Exercise description:
Could you transcribe the whole listing, keeping every line exactly the same?

Exercise data:

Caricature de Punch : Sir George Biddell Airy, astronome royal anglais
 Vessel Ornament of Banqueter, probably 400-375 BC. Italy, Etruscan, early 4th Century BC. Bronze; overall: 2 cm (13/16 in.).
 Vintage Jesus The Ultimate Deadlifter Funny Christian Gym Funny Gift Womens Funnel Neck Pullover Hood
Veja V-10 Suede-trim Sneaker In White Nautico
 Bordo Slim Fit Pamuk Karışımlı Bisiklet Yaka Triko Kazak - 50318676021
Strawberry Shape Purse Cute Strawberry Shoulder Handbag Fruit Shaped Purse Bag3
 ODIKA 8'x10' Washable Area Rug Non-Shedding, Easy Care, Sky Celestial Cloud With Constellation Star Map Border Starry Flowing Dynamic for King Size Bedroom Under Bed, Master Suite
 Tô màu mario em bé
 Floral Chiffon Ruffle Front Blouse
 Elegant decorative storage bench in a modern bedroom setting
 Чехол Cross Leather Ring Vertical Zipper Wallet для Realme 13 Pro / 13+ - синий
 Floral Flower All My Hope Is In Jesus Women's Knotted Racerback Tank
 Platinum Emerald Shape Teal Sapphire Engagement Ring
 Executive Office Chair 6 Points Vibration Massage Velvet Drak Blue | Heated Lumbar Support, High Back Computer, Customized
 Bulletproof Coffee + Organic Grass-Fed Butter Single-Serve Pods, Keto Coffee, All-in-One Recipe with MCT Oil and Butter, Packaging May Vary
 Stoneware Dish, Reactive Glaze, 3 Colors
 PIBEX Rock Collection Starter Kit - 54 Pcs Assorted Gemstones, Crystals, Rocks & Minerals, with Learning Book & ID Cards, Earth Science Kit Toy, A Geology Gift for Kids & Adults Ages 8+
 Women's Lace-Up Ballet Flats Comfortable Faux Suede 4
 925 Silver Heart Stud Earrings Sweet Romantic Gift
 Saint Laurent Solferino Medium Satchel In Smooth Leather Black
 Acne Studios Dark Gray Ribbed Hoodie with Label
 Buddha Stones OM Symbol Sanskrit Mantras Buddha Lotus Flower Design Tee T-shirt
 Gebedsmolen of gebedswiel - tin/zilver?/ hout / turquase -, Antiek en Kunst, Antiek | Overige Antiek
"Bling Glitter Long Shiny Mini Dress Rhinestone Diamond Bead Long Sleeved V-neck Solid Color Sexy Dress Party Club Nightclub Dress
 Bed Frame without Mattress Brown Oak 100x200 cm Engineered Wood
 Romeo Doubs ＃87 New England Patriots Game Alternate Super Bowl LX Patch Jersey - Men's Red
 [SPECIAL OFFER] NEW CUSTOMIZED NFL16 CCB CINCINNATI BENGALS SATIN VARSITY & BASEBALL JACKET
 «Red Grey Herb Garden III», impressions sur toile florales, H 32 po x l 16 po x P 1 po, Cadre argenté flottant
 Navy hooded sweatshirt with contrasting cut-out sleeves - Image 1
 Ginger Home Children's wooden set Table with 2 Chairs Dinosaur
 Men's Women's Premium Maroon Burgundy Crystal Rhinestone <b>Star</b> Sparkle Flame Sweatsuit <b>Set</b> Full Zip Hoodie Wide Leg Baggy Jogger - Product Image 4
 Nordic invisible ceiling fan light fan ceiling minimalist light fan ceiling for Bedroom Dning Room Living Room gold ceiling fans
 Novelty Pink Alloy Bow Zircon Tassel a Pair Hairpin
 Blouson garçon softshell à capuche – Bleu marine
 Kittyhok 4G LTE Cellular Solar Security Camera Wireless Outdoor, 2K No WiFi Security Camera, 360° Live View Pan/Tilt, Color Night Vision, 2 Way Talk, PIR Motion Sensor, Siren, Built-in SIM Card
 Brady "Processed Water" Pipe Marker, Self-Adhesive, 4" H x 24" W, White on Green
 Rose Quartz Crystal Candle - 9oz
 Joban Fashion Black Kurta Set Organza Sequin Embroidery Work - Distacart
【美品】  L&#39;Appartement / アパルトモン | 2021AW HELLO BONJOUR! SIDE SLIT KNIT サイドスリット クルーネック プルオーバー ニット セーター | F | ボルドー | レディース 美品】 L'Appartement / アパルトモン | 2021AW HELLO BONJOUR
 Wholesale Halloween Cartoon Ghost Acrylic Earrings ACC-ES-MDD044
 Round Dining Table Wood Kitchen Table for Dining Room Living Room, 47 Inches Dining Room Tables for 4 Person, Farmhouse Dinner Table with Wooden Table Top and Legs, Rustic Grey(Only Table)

Answer for the task:
Caricature de Punch : Sir George Biddell Airy, astronome royal anglais
 Vessel Ornament of Banqueter, probably 400-375 BC. Italy, Etruscan, early 4th Century BC. Bronze; overall: 2 cm (13/16 in.).
 Vintage Jesus The Ultimate Deadlifter Funny Christian Gym Funny Gift Womens Funnel Neck Pullover Hood
Veja V-10 Suede-trim Sneaker In White Nautico
 Bordo Slim Fit Pamuk Karışımlı Bisiklet Yaka Triko Kazak - 50318676021
Strawberry Shape Purse Cute Strawberry Shoulder Handbag Fruit Shaped Purse Bag3
 ODIKA 8'x10' Washable Area Rug Non-Shedding, Easy Care, Sky Celestial Cloud With Constellation Star Map Border Starry Flowing Dynamic for King Size Bedroom Under Bed, Master Suite
 Tô màu mario em bé
 Floral Chiffon Ruffle Front Blouse
 Elegant decorative storage bench in a modern bedroom setting
 Чехол Cross Leather Ring Vertical Zipper Wallet для Realme 13 Pro / 13+ - синий
 Floral Flower All My Hope Is In Jesus Women's Knotted Racerback Tank
 Platinum Emerald Shape Teal Sapphire Engagement Ring
 Executive Office Chair 6 Points Vibration Massage Velvet Drak Blue | Heated Lumbar Support, High Back Computer, Customized
 Bulletproof Coffee + Organic Grass-Fed Butter Single-Serve Pods, Keto Coffee, All-in-One Recipe with MCT Oil and Butter, Packaging May Vary
 Stoneware Dish, Reactive Glaze, 3 Colors
 PIBEX Rock Collection Starter Kit - 54 Pcs Assorted Gemstones, Crystals, Rocks & Minerals, with Learning Book & ID Cards, Earth Science Kit Toy, A Geology Gift for Kids & Adults Ages 8+
 Women's Lace-Up Ballet Flats Comfortable Faux Suede 4
 925 Silver Heart Stud Earrings Sweet Romantic Gift
 Saint Laurent Solferino Medium Satchel In Smooth Leather Black
 Acne Studios Dark Gray Ribbed Hoodie with Label
 Buddha Stones OM Symbol Sanskrit Mantras Buddha Lotus Flower Design Tee T-shirt
 Gebedsmolen of gebedswiel - tin/zilver?/ hout / turquase -, Antiek en Kunst, Antiek | Overige Antiek
"Bling Glitter Long Shiny Mini Dress Rhinestone Diamond Bead Long Sleeved V-neck Solid Color Sexy Dress Party Club Nightclub Dress
 Bed Frame without Mattress Brown Oak 100x200 cm Engineered Wood
 Romeo Doubs ＃87 New England Patriots Game Alternate Super Bowl LX Patch Jersey - Men's Red
 [SPECIAL OFFER] NEW CUSTOMIZED NFL16 CCB CINCINNATI BENGALS SATIN VARSITY & BASEBALL JACKET
 «Red Grey Herb Garden III», impressions sur toile florales, H 32 po x l 16 po x P 1 po, Cadre argenté flottant
 Navy hooded sweatshirt with contrasting cut-out sleeves - Image 1
 Ginger Home Children's wooden set Table with 2 Chairs Dinosaur
 Men's Women's Premium Maroon Burgundy Crystal Rhinestone <b>Star</b> Sparkle Flame Sweatsuit <b>Set</b> Full Zip Hoodie Wide Leg Baggy Jogger - Product Image 4
 Nordic invisible ceiling fan light fan ceiling minimalist light fan ceiling for Bedroom Dning Room Living Room gold ceiling fans
 Novelty Pink Alloy Bow Zircon Tassel a Pair Hairpin
 Blouson garçon softshell à capuche – Bleu marine
 Kittyhok 4G LTE Cellular Solar Security Camera Wireless Outdoor, 2K No WiFi Security Camera, 360° Live View Pan/Tilt, Color Night Vision, 2 Way Talk, PIR Motion Sensor, Siren, Built-in SIM Card
 Brady "Processed Water" Pipe Marker, Self-Adhesive, 4" H x 24" W, White on Green
 Rose Quartz Crystal Candle - 9oz
 Joban Fashion Black Kurta Set Organza Sequin Embroidery Work - Distacart
【美品】  L&#39;Appartement / アパルトモン | 2021AW HELLO BONJOUR! SIDE SLIT KNIT サイドスリット クルーネック プルオーバー ニット セーター | F | ボルドー | レディース 美品】 L'Appartement / アパルトモン | 2021AW HELLO BONJOUR
 Wholesale Halloween Cartoon Ghost Acrylic Earrings ACC-ES-MDD044
 Round Dining Table Wood Kitchen Table for Dining Room Living Room, 47 Inches Dining Room Tables for 4 Person, Farmhouse Dinner Table with Wooden Table Top and Legs, Rustic Grey(Only Table)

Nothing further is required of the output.